Jerome O’Hara and George Perez, two of Bernie Madoff’s computer programmers who worked in his seventeenth-floor office, were arrested this morning for creating the false documents and trading records that the securities firm used to perpetrate its Ponzi scheme. According to a civil complaint simultaneously filed against them by the SEC, the pair, who had both worked for Madoff since around 1990, almost extricated themselves from the scheme three years ago, in 2006, soon after the now-famous Barron’s story came out questioning Madoff’s methods (a copy of the story was found in their office). Instead, they chose to dig themselves in deeper.
Having doctored up reports given to regulators and the European Accounting Firm to such a great extent, Defendants knew they could not credibly claim they had no idea the House 17 data reflected fictitious trades…Defendants confronted Madoff in September 2006 about their “special” programs.
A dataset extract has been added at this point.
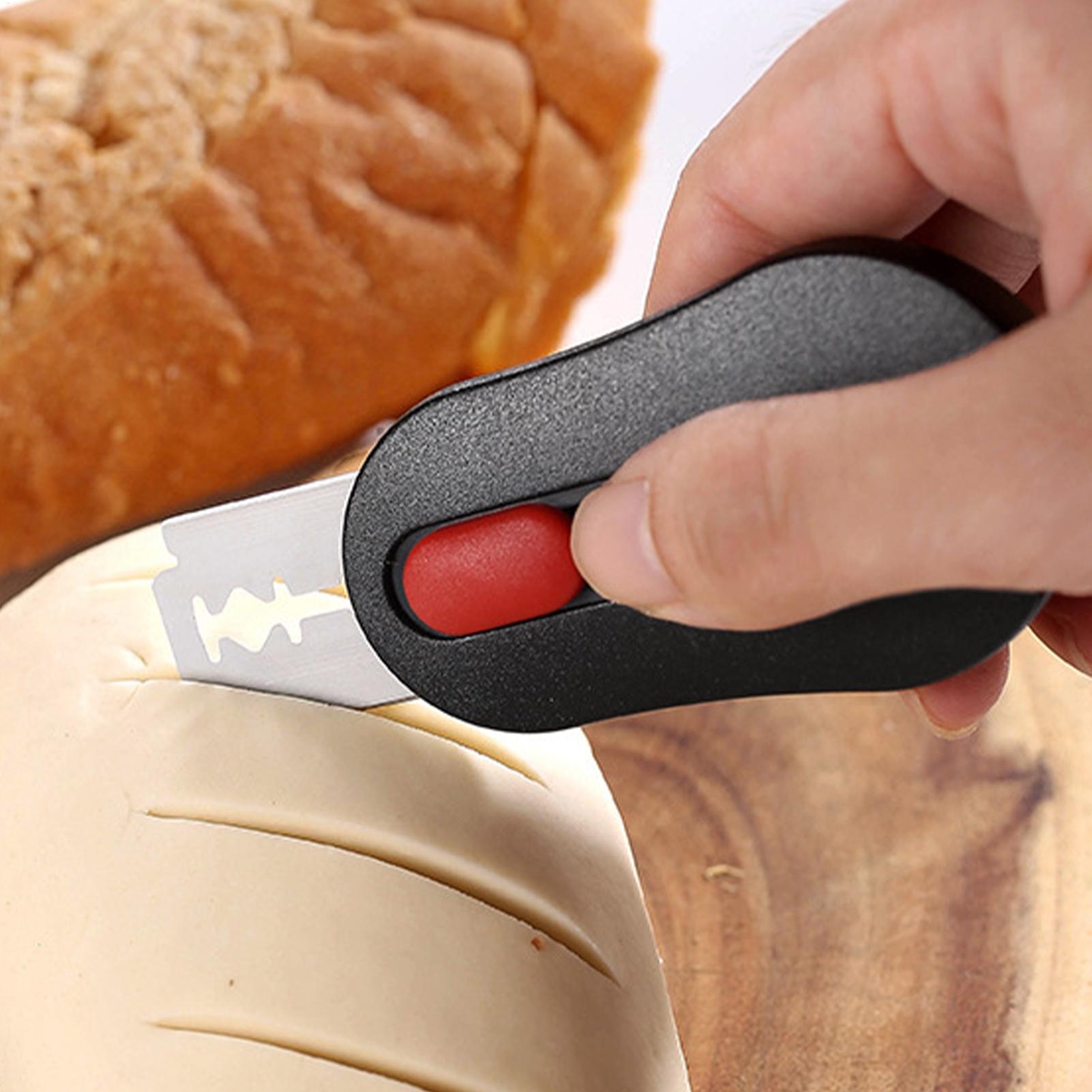 Nóż do nacinania chleba, narzę – Kitchen Gadgets For Men recenzja i cena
During these confrontations, defendants communicated that they were uncomfortable with the lies they helped to present to external reviewers. Madoff responded to Defendants objections by telling [CFO Frank] Dipascali to offer defendants as much money as possible to keep quiet and not expose the misrepresentations. Defendants thought about it for a period of time and demanded a salary increase of 25%. Their salaries were, indeed, increased by 24.8% in November 2006.
We’d say it probably wasn’t worth it.